_Activity_
Your answer must be the exact lines below, starting with the line with "2026 04:11:01 AM" and going on through the line with "luminaire contemporain design, suspension", both included, with no pictures.

___ Records

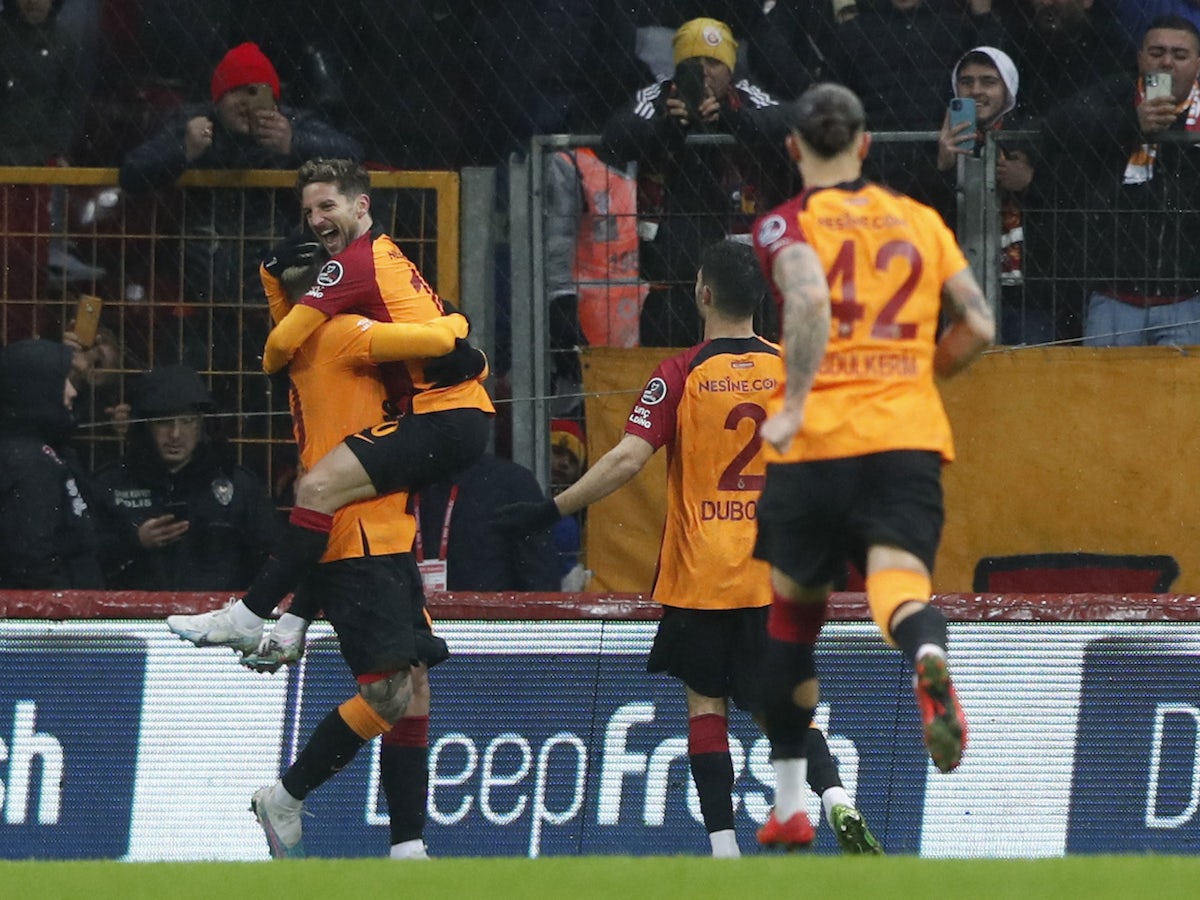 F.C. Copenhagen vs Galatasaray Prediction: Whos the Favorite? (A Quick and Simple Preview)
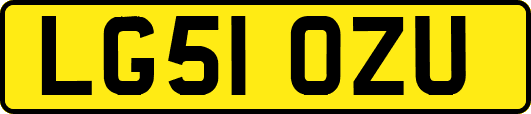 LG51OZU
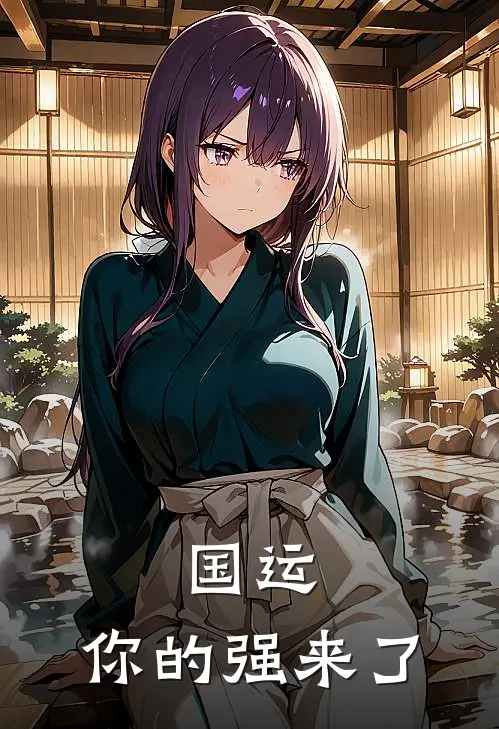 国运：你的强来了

______
___ Records

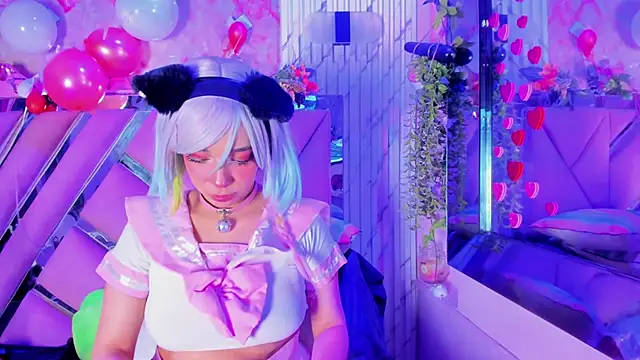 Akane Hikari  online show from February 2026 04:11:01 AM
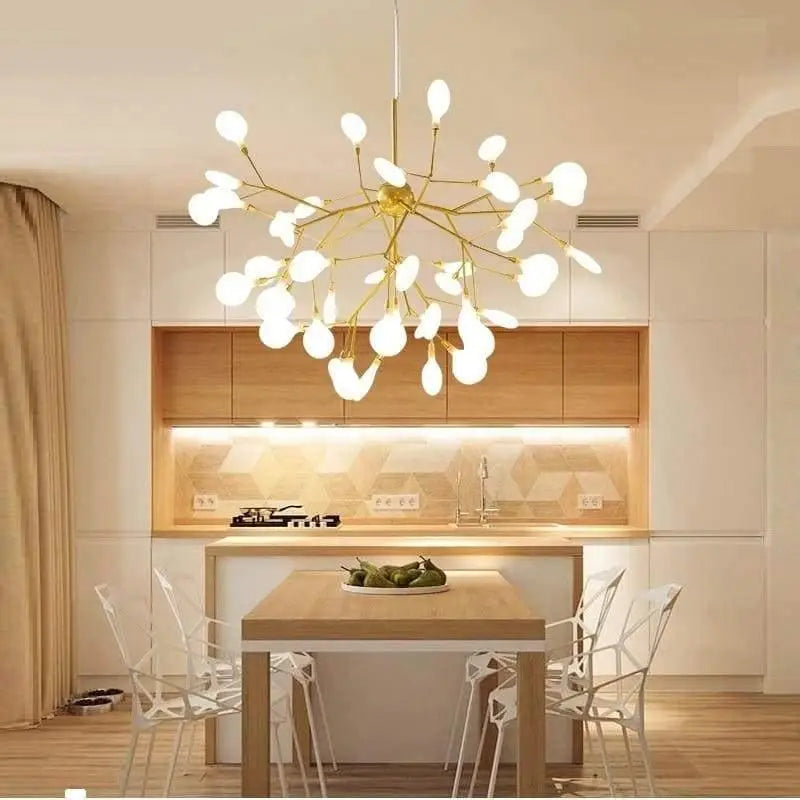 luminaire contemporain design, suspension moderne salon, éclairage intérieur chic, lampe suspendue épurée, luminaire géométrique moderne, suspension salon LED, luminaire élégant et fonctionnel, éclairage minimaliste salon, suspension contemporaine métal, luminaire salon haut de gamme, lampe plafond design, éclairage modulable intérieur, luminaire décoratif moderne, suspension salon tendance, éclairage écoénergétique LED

______
___ Records

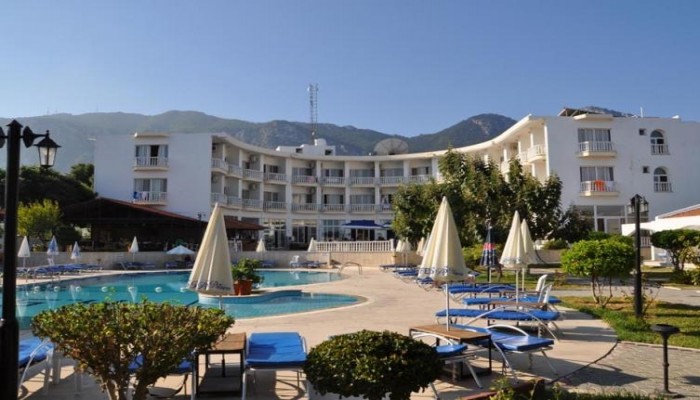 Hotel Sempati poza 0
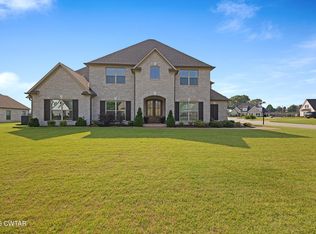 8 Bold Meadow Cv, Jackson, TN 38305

______

_Answer_
 Akane Hikari  online show from February 2026 04:11:01 AM
 luminaire contemporain design, suspension moderne salon, éclairage intérieur chic, lampe suspendue épurée, luminaire géométrique moderne, suspension salon LED, luminaire élégant et fonctionnel, éclairage minimaliste salon, suspension contemporaine métal, luminaire salon haut de gamme, lampe plafond design, éclairage modulable intérieur, luminaire décoratif moderne, suspension salon tendance, éclairage écoénergétique LED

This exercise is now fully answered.